BookmarkSubscribeRSS Feed
🔒 This topic is solved and locked. Need further help from the community? Please sign in and ask a new question.
ScottBass
Rhodochrosite | Level 12

Here is an excerpt of a case I opened with SAS TS:

I’ve got an ETL process where I’m doing change record detection, and modifying data (close old record, add new record) if a change has occurred.  It’s somewhat analogous to SCD2 processing.

I’ve ran into a problem where data was copied into the wrong column.  This error was corrected, but due to the way CATX works, a change is not detected.

An example will help to illustrate the point:

data test;

  length var1 var2 var3 $1 var4 var5 8 buffer1 buffer2 $32767 digest1 digest2 $32;

  input var1-var5;

  buffer1=catx("|", of var1-var5);

  digest1=put(md5(buffer1),hex32.);

  buffer2=strip(var1) || "|" || strip(var2) || "|" || strip(var3) || "|" || strip(var4) || "|" || strip(var5);

  digest2=put(md5(buffer2),hex32.);

   datalines;

A B . 1 1

A . B 1 1

;

run;

I'd prefer to use the CATX function - I can use a variable list, I don't have to think about data type conversion, and don’t have to jump through hoops in my code generation.  My actual code has about 40 variables I need to check for changes.

The solution, of course, is a flag for the CATX function that would mimic the concatenation operator.  IOW, print the delimiter regardless of whether the data value is missing.

I think (???) the CATX function could be changed where it would not break existing code.  Example invocations:

buffer1=catx("|", of var1-var5, “Y”);

buffer1=catx("|", var1, var2, var3, var4, var5, “Y”);

The last parameter does not have to be “Y”, it just needs to be some character string, that could not be confused with a variable, that would trigger CATX to print the delimiter regardless of whether the variable is missing or not.  There would be a delimiter for every variable – 1.

Questions:

Can you think of an ingenious way to address this problem, other than the concatenation operator as above?  Some ideas:

* Perhaps build the buffer one variable at a time, translating missing to “00”x, to “trick” CATX into printing the delimiter.  But spinning over the variable list would be problematic since it is a mix of char and num.

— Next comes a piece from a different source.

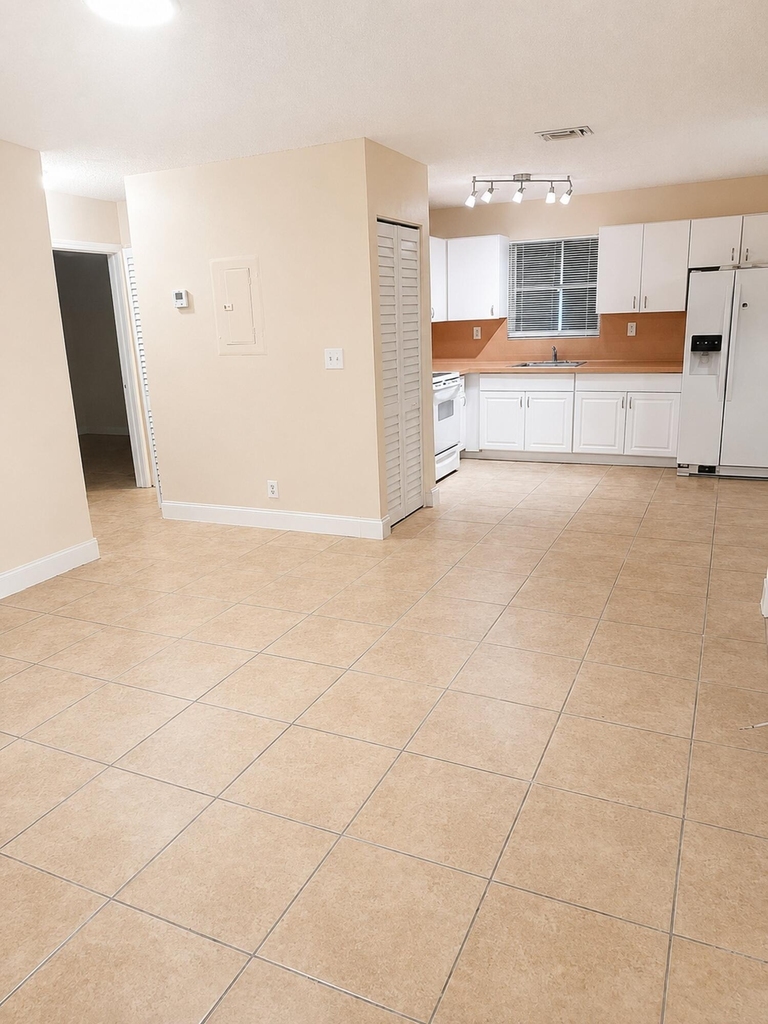 2302 Liberty Street - Photo 2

* Or, perhaps I can export the dataset as a delimited file, read that file back in without delimiters, and use _INFILE_ as the buffer for the MD5 function.

* Or, could I use PROC FCMP to roll my own CATX function that would give me the desired results?  (BTW, the desired results is a buffer with one delimiter per variable - 1)

Thanks...


Please post your question as a self-contained data step in the form of "have" (source) and "want" (desired results).
I won't contribute to your post if I can't cut-and-paste your syntactically correct code into SAS.
1 ACCEPTED SOLUTION

Accepted Solutions
PGStats
Opal | Level 21

Try using the CATQ function:

data test;

  length var1 var2 var3 $1 var4 var5 8 buffer1 buffer2 buffer3 $32767 digest1 digest2 digest3 $32;

  input var1-var5;

  buffer1=catx("|", of var1-var5);

  digest1=put(md5(buffer1),hex32.);

  buffer2=strip(var1) || "|" || strip(var2) || "|" || strip(var3) || "|" || strip(var4) || "|" || strip(var5);

  digest2=put(md5(buffer2),hex32.);

  buffer3 = catq("MTD", "|", of var1-var5);

  digest3=put(md5(buffer3),hex32.);

datalines;

A B . 1 1

A . B 1 1

;

proc print data=test noobs; run;

PG

PG

View solution in original post

3 REPLIES 3
ScottBass
Rhodochrosite | Level 12

Hi All,

I think I've solved my own problem.  I remembered a technique I first saw proposed by (a really smart guy, you all should follow him Smiley Happy).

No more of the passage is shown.